**WORK ORDER**
Return the lines of the data below, from the one containing "Apre il nuovo" through the very last, exactly and with both ends included; no pictures.

•••••

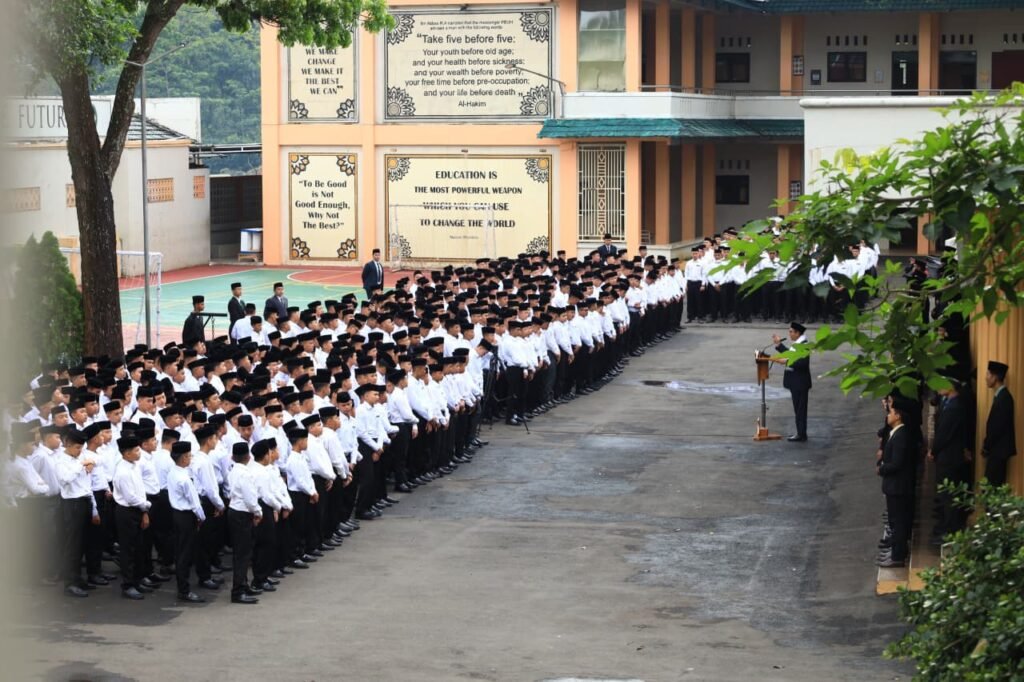 Tahun Pelajaran 2026-2027 Resmi Dibuka, Pimpinan Gaungkan Semangat Disiplin
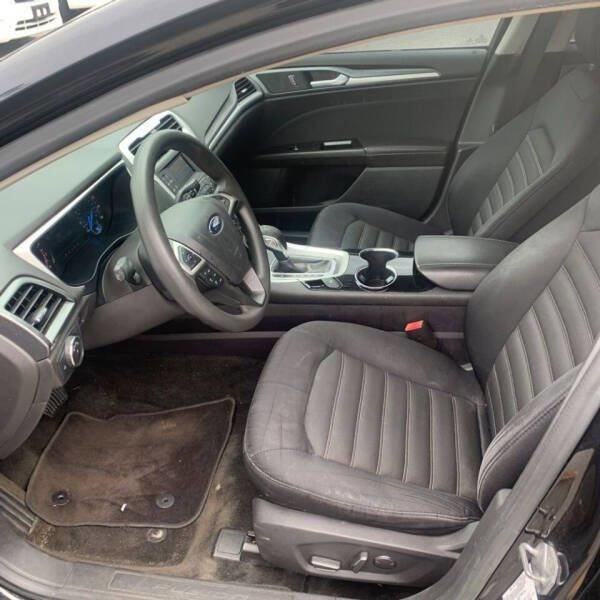Used 2015 Ford Fusion SE image 4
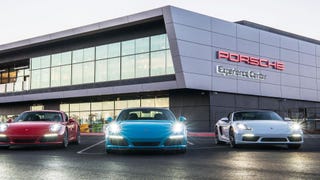 Apre il nuovo Porsche Experience Center con cinque simulatori supportati da Kunos Simulazioni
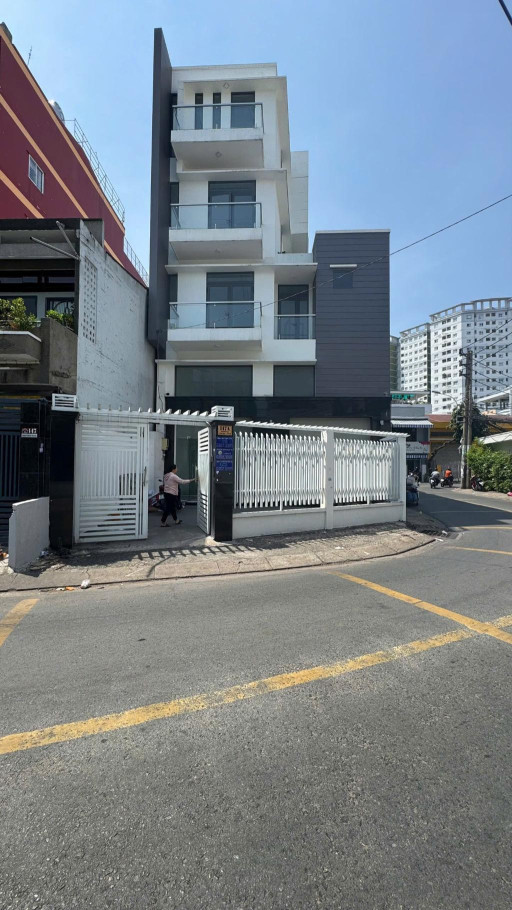 Bán nhà 153m² ngang 8,5m giá 18.9 tỷ tại Phường Hòa Thạnh Quận Tân Phú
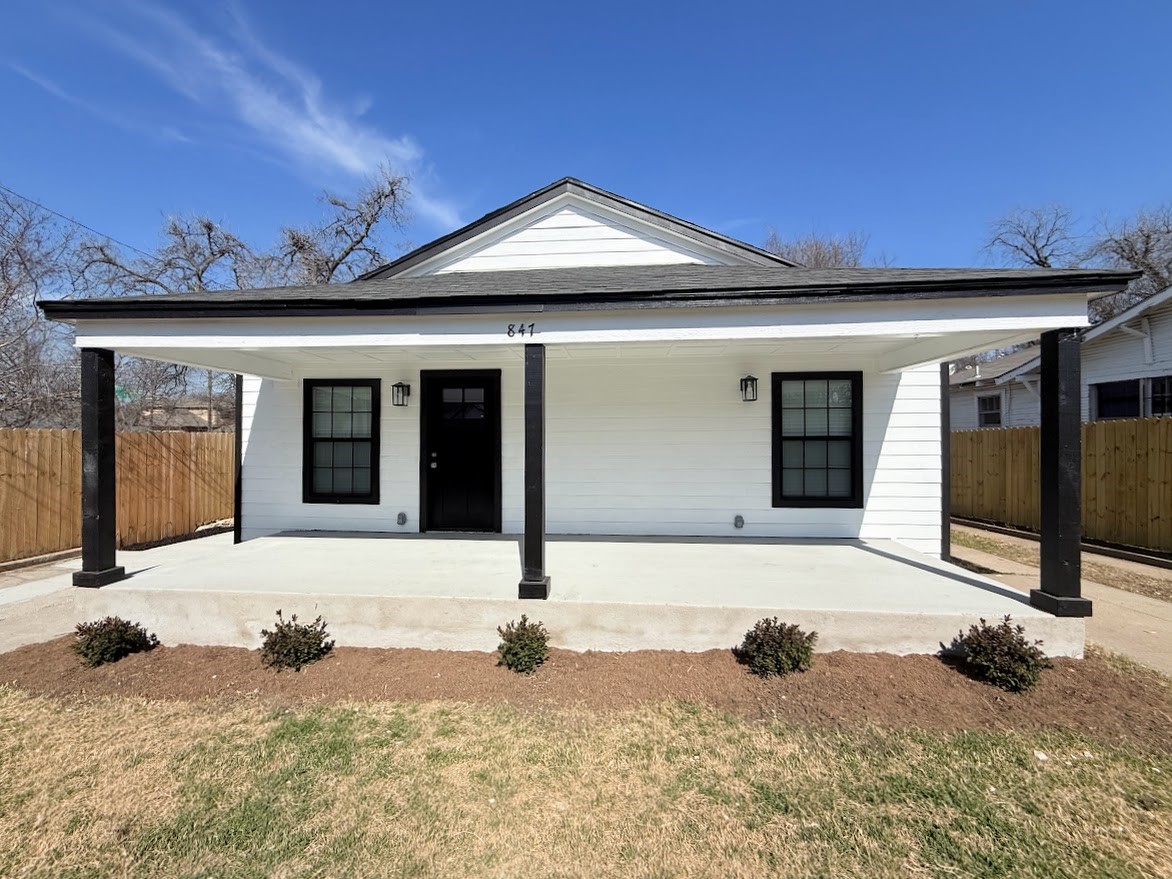 Property photo 02 of 847 E Powell Avenue Fort, Worth, TX 76104 | MLS #21198635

•••••

**RESPONSE TO THE TASK**
 Apre il nuovo Porsche Experience Center con cinque simulatori supportati da Kunos Simulazioni
 Bán nhà 153m² ngang 8,5m giá 18.9 tỷ tại Phường Hòa Thạnh Quận Tân Phú
 Property photo 02 of 847 E Powell Avenue Fort, Worth, TX 76104 | MLS #21198635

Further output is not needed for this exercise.